Per fare l’attrice sei venuta a Roma, giusto?

Si e trovo che Roma ha un’energia incredibile, talmente tanta che ogni tanti ti assorbe e io faccio sempre un paragone con New York, perché sono entrambe delle jungle, solo che New York è una jungla organizzata, mentre Roma è una jungla disorganizzata (risata). Però ha una vibrazione ed un’energia incredibile.

In che zone hai abitato?

Ho sempre vissuto in zona Cipro, quindi in zona Prati, verso Ottaviano ossia dietro al Vaticano.

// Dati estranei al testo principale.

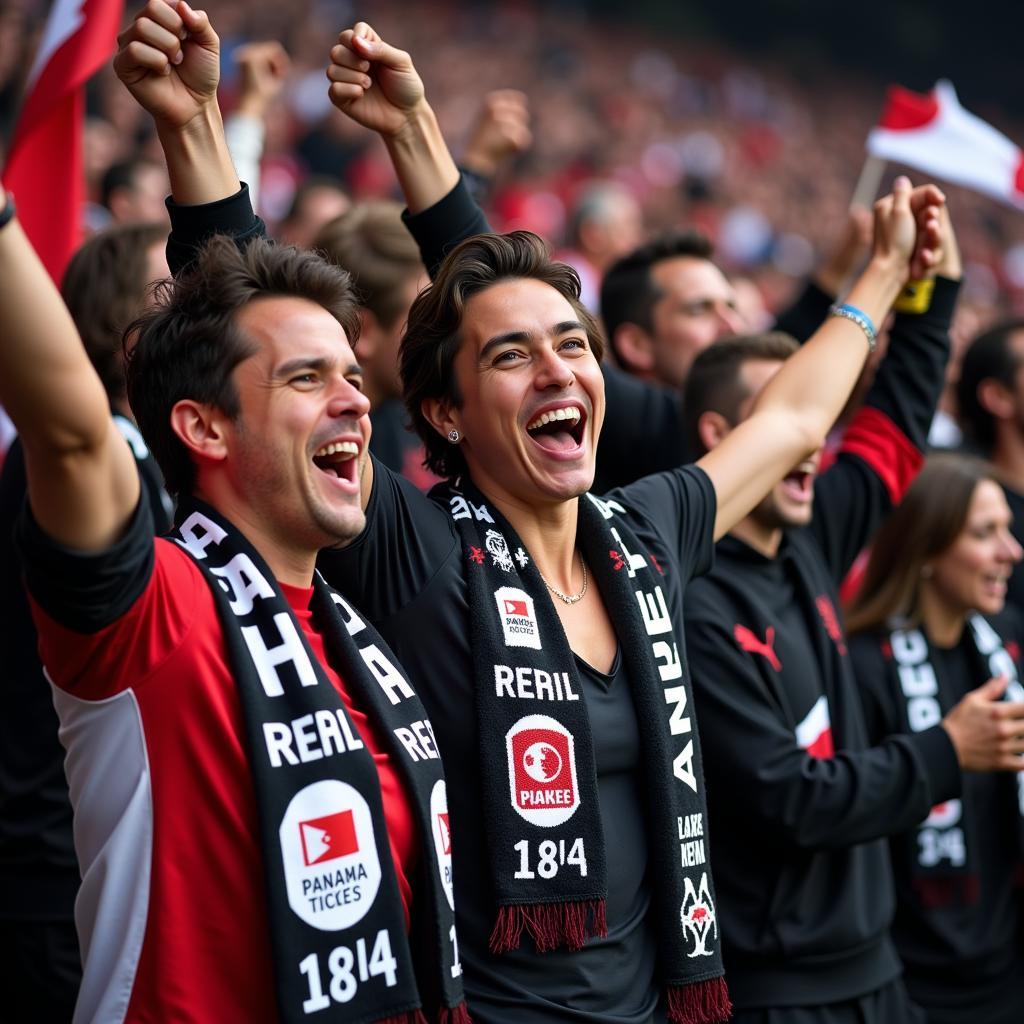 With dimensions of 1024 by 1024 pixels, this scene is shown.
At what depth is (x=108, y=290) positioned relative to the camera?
123 inches

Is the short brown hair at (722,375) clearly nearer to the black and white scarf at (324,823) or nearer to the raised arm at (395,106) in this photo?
the raised arm at (395,106)

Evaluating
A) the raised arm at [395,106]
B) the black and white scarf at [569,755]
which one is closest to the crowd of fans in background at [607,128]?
the raised arm at [395,106]

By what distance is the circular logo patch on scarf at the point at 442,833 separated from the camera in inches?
79.8

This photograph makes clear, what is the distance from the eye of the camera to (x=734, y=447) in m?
2.93

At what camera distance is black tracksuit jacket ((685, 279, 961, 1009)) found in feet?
9.34

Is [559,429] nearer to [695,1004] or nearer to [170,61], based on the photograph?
[170,61]

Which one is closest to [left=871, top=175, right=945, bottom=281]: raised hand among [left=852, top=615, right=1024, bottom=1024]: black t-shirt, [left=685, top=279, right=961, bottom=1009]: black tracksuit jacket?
[left=685, top=279, right=961, bottom=1009]: black tracksuit jacket

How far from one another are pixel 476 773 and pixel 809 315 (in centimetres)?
229

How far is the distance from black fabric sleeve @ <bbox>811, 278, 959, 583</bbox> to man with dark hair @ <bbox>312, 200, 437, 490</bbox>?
101cm

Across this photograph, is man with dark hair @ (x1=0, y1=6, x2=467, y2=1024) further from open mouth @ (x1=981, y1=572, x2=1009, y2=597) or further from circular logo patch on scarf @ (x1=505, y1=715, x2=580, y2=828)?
open mouth @ (x1=981, y1=572, x2=1009, y2=597)

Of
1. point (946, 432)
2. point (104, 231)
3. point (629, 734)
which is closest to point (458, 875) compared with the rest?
point (629, 734)

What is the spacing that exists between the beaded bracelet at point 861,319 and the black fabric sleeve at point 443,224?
2.78 feet

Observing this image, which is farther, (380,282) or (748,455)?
(380,282)

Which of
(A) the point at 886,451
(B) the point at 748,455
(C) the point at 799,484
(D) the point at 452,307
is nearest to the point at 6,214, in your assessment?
(D) the point at 452,307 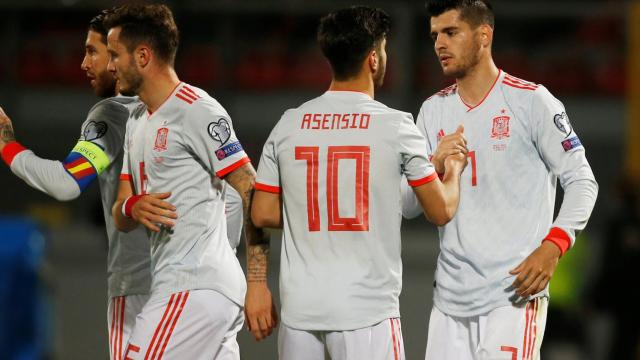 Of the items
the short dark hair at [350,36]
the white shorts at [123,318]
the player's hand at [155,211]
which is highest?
the short dark hair at [350,36]

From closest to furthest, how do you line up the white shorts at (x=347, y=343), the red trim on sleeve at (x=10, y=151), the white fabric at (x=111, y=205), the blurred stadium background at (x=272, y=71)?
the white shorts at (x=347, y=343) → the red trim on sleeve at (x=10, y=151) → the white fabric at (x=111, y=205) → the blurred stadium background at (x=272, y=71)

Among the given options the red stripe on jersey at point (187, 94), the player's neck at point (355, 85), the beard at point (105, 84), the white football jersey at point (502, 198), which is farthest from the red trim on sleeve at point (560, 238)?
the beard at point (105, 84)

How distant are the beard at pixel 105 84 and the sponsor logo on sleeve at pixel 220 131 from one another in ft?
2.91

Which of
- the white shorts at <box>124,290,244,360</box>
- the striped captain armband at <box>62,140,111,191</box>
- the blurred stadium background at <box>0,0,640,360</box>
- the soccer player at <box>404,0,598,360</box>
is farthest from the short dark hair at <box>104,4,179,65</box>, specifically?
the blurred stadium background at <box>0,0,640,360</box>

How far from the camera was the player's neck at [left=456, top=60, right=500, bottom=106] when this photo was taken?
3.99 meters

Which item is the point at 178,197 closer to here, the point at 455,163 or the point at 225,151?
the point at 225,151

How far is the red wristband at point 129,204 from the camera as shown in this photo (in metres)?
3.74

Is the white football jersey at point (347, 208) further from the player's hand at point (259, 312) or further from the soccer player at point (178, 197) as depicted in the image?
the soccer player at point (178, 197)

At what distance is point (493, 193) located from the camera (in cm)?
383

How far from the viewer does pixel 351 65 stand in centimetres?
347

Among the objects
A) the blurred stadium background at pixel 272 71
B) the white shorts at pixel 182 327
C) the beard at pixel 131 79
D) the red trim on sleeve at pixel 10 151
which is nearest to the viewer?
the white shorts at pixel 182 327

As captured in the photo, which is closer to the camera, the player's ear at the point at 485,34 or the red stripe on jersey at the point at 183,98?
the red stripe on jersey at the point at 183,98

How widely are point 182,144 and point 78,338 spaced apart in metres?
4.92

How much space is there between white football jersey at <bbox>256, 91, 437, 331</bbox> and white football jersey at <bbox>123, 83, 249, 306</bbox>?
33 cm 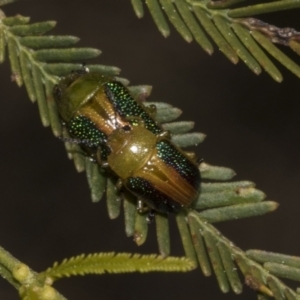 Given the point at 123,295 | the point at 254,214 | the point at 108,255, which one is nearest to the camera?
the point at 108,255

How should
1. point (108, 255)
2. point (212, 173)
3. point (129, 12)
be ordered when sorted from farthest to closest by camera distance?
point (129, 12) < point (212, 173) < point (108, 255)

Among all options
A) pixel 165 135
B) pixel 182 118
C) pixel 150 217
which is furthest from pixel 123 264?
pixel 182 118

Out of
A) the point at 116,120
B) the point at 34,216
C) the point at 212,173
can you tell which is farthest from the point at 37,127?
the point at 212,173

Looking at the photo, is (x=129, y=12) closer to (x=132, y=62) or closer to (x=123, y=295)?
(x=132, y=62)

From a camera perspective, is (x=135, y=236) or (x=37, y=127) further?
(x=37, y=127)

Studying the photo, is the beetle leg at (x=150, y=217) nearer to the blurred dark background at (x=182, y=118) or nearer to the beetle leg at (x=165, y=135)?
the beetle leg at (x=165, y=135)

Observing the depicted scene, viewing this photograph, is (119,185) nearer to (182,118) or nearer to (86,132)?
(86,132) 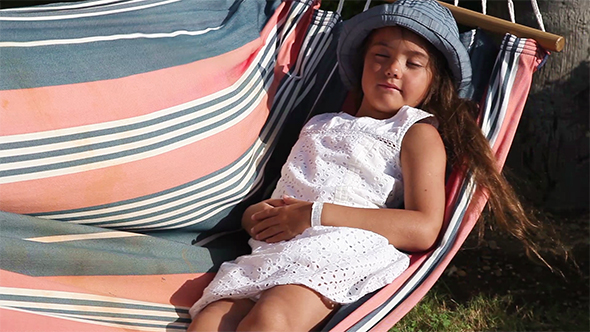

La cucina romana ti ha conquistato?

Buona, è molto buona però ci vuole un buon stomaco perché non è proprio leggera. Però è molto godereccia, quindi direi che mi ha conquistato alla grande.

Come trovi i romani?

Sono un popolo forte, hanno carattere, un po’ come i newyorkesi, ecco che torna il paragone, perché li trovo sempre invincibili, non si spezzano facilmente. I romani sono molto orgogliosi ma anche molto ironici e molto divertenti.

Nei momenti liberi, in quale angolo di Roma ami rifugiarti?

Trastevere, amo molto questo quartiere, è la mia coccola. Mi piace e si respira tanta  romanità.

Per un attrice Roma cosa rappresenta? Il punto d’arrivo o il punto di partenza? 

Secondo me Roma è il punto di partenza, è un po’ la Los Angeles “de noartri”. Se uno vuole fare l’attore, deve stabilirsi a Roma, l’ho fatto anch’io.